I know it’s a strange question, but still, I can’t find a clear answer to it. When do I know I need to have my own Authorization Server? I know I have some Web APIs that I will protect with OAuth2 tokens. Can I use Authorization Server from Google or Azure? Or do I have to protect my own Resource Server with tokens from my own Authorization Server?
Thanks a lot. I really appreciate if you have time to sort this one out for me.
Bjørn
To protect your own resources, you need your own authorization server.
Thanks. That makes sense. I’m still confused by the “ADFS JWT bearer token middleware” in the NuGet packages “Microsoft.Owin.Security.ActiveDirectory”. Seems to allow use of bearer token from ADFS on Web API hosted anywhere.
I know it’s old, but Vittorio explains how Azure can be used similarly here http://www.cloudidentity.com/blog/2013/07/23/securing-a-web-api-with-windows-azure-ad-and-katana/
What am I not getting?
Thanks
Not sure what you are not getting ;)
Hello,
very interesting post. You mention that “ASP.NET Web API v2 includes support to add simple authorization servers right into your business resource servers.”.
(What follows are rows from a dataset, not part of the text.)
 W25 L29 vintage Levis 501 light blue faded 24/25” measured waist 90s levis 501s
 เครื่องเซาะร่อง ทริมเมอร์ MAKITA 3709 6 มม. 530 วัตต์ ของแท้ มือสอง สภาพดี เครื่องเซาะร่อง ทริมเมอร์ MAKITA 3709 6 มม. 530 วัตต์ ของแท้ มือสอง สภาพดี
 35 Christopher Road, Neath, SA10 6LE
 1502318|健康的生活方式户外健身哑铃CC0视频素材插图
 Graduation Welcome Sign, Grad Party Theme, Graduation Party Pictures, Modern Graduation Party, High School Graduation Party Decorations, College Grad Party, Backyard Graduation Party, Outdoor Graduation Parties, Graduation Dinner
However, looking at the web api help (http://www.asp.net/web-api/overview/security/authentication-and-authorization-in-aspnet-web-api) it seems this is the only help and it doesn’t related to OAuth2.
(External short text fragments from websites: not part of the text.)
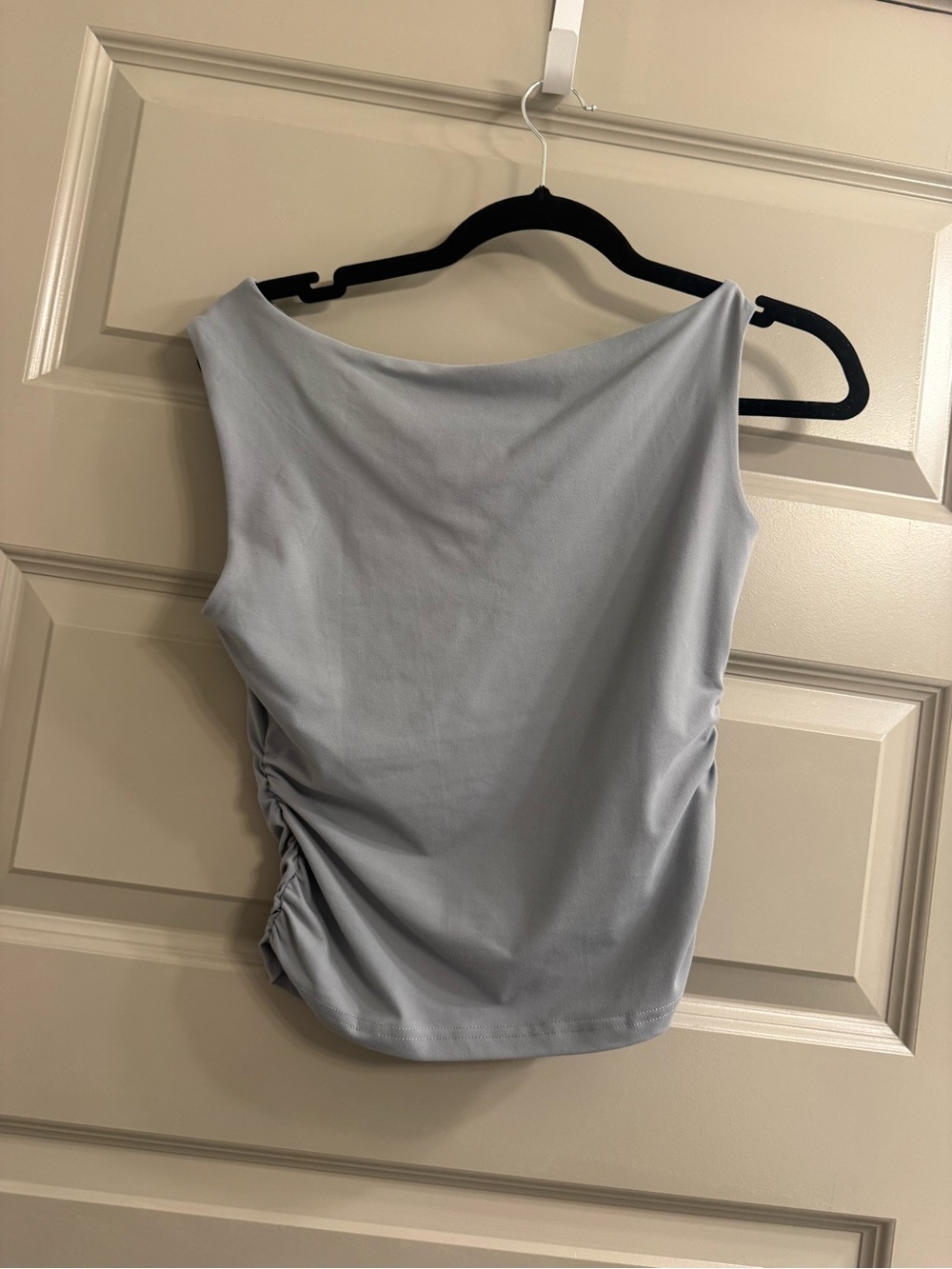 One-Shoulder Gray Ruched Top - Picture 3 of 4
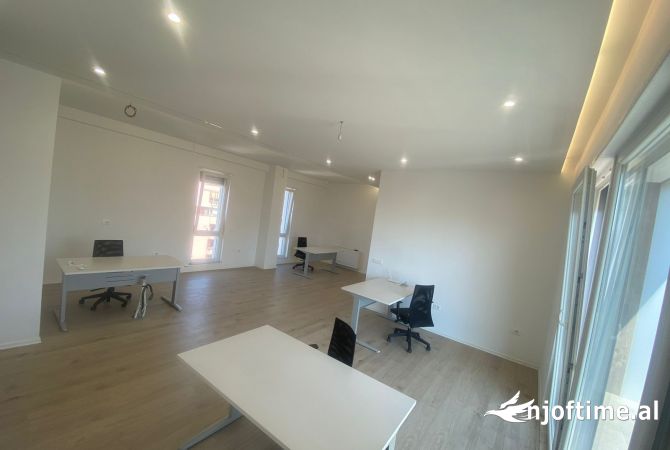 Jepet ambient biznesi me qera ne rrugen e Dibres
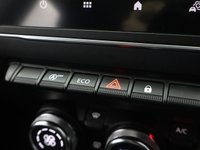 USED 2022 22 RENAULT CAPTUR 1.0 TCe Iconic SUV 5dr Petrol Manual Euro 6 (s/s) (90 ps) APPLE CARPLAY | PARK SENSORS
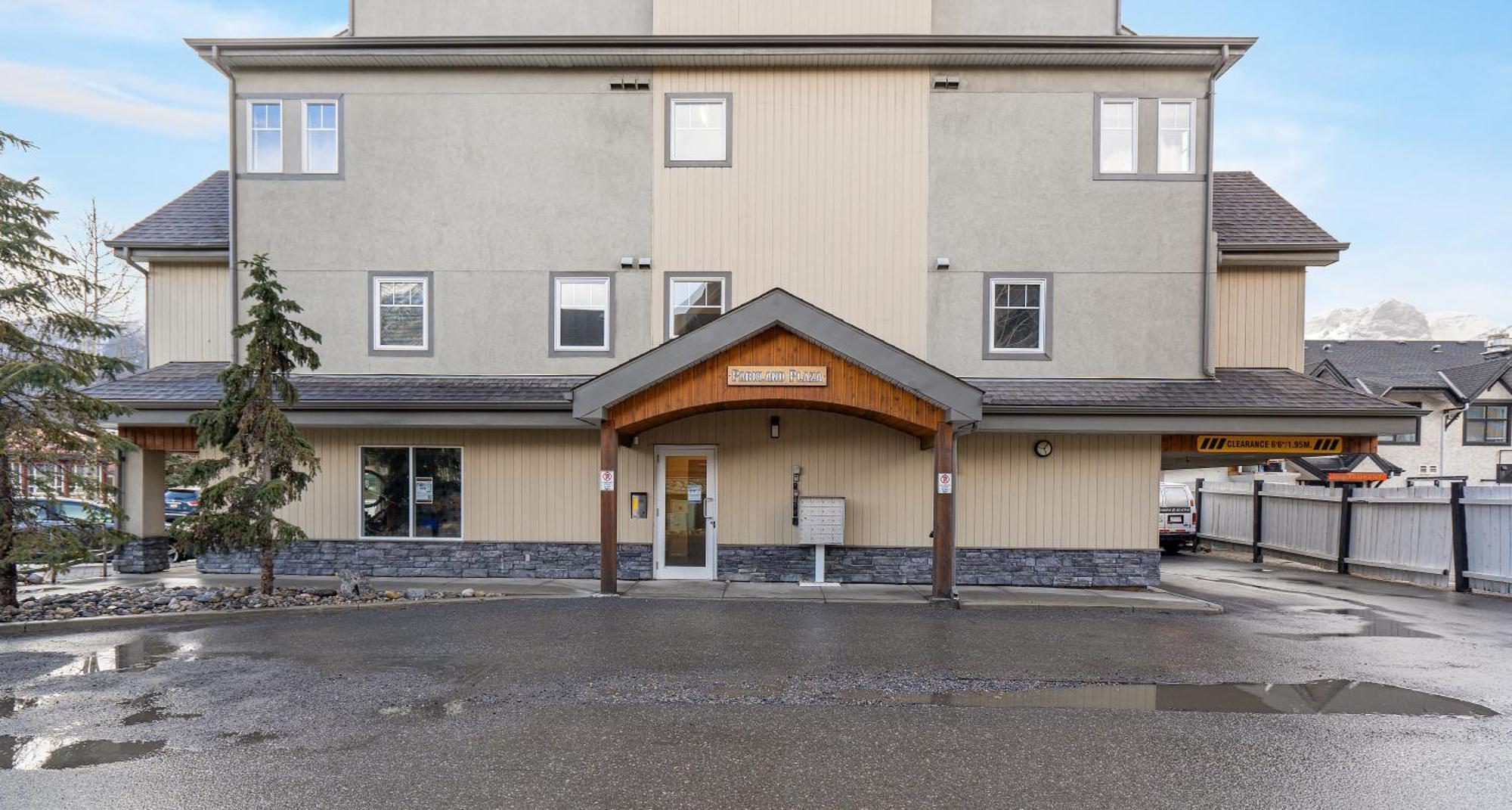 Parkland301 Sunlit 2,000 Ft² Penthouse With Mtn View Lägenhet Canmore Exteriör bild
I found this interesting OWIN OAuth 2 Authorization server (http://www.asp.net/aspnet/overview/owin-and-katana/owin-oauth-20-authorization-server), however from what I understand, it implies to have a self-hosted OWIN server, thing that I already implemented for another project as a Windows service, while WEB API would be hosted directly in IIS.
The OWIN OAuth2 server offers one thing I absolutely need: Client Credentials Grant. I’m wondering if it is possible to achieve that using WEB API2. If yes, can you point me to any only ressources? I would prefer having a solution hosted on IIS, but it is not a must.
Best Regards,
Nicolas
You can use the Katana OAuth support for simple scenarios – otherwise use IdentityServer3.